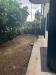 Appartamento in vendita con giardino a Treviso in via agostino steffani 24 - 02, Foto 2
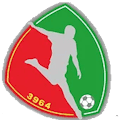 Voorde Appelterre logo - Oostende VS Voorde Appelterre Live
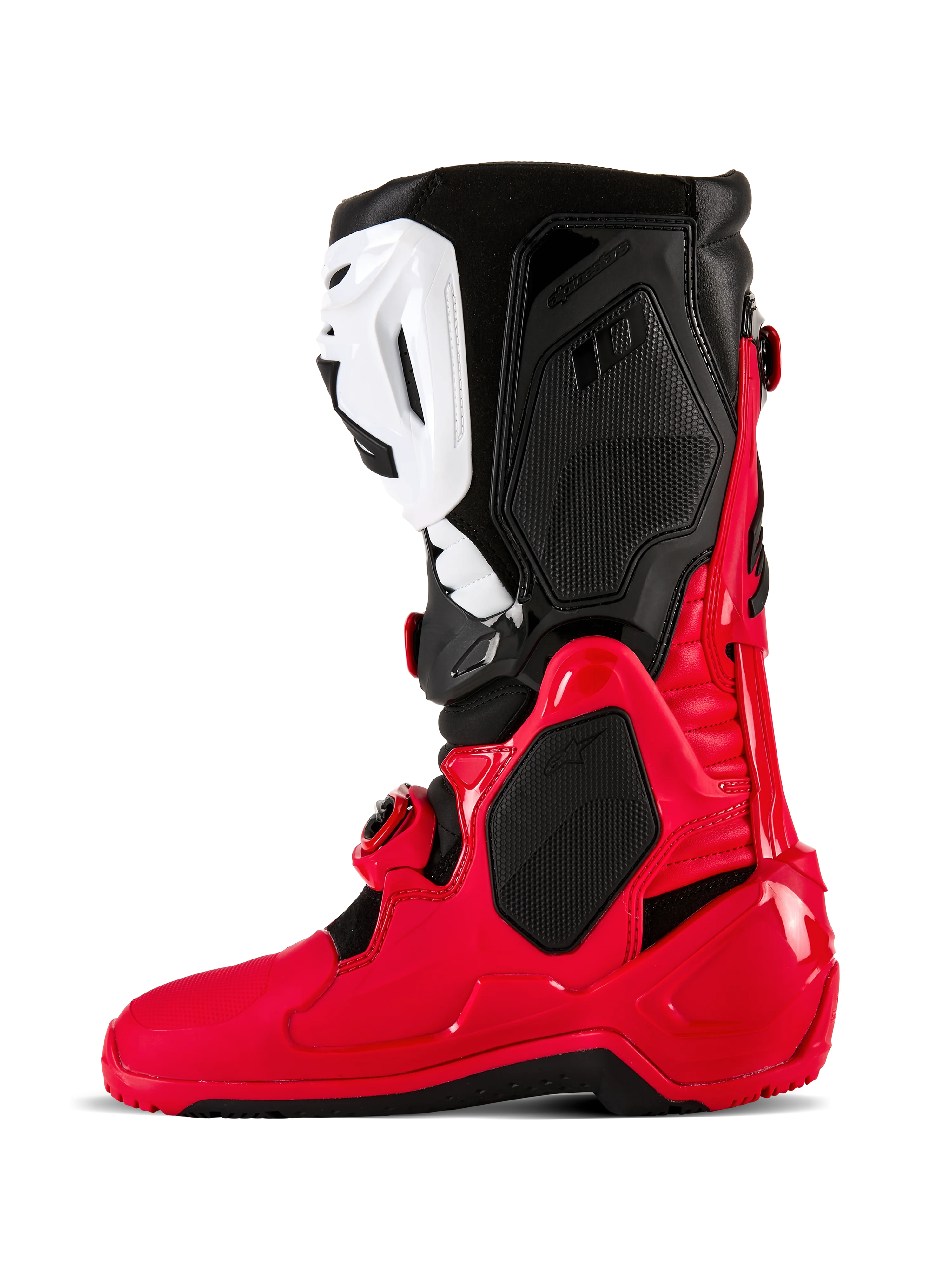 Tech 10 Enduro Boots - Image 3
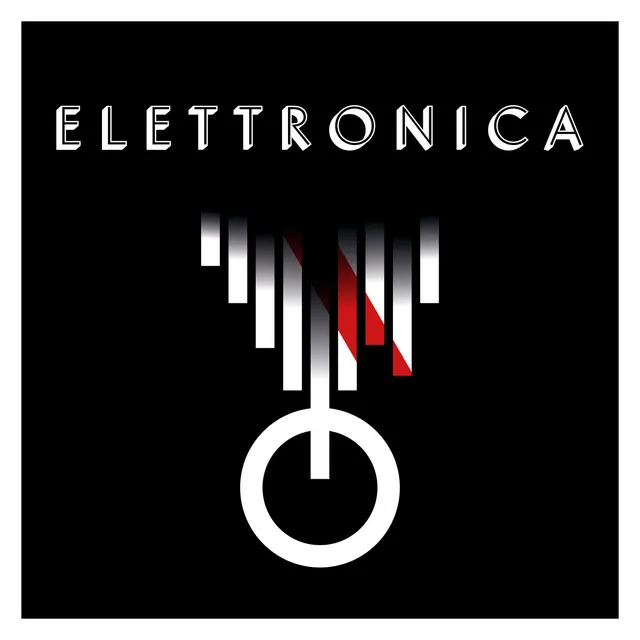 Elettronica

#### TASK DESCRIPTION:
Copy out, unchanged, the span of lines beginning with the one that includes "Voorde Appelterre logo" and running through the final line of the material above. Leave the pictures out.

#### RESPONSE AREA:
 Voorde Appelterre logo - Oostende VS Voorde Appelterre Live
 Tech 10 Enduro Boots - Image 3
 Elettronica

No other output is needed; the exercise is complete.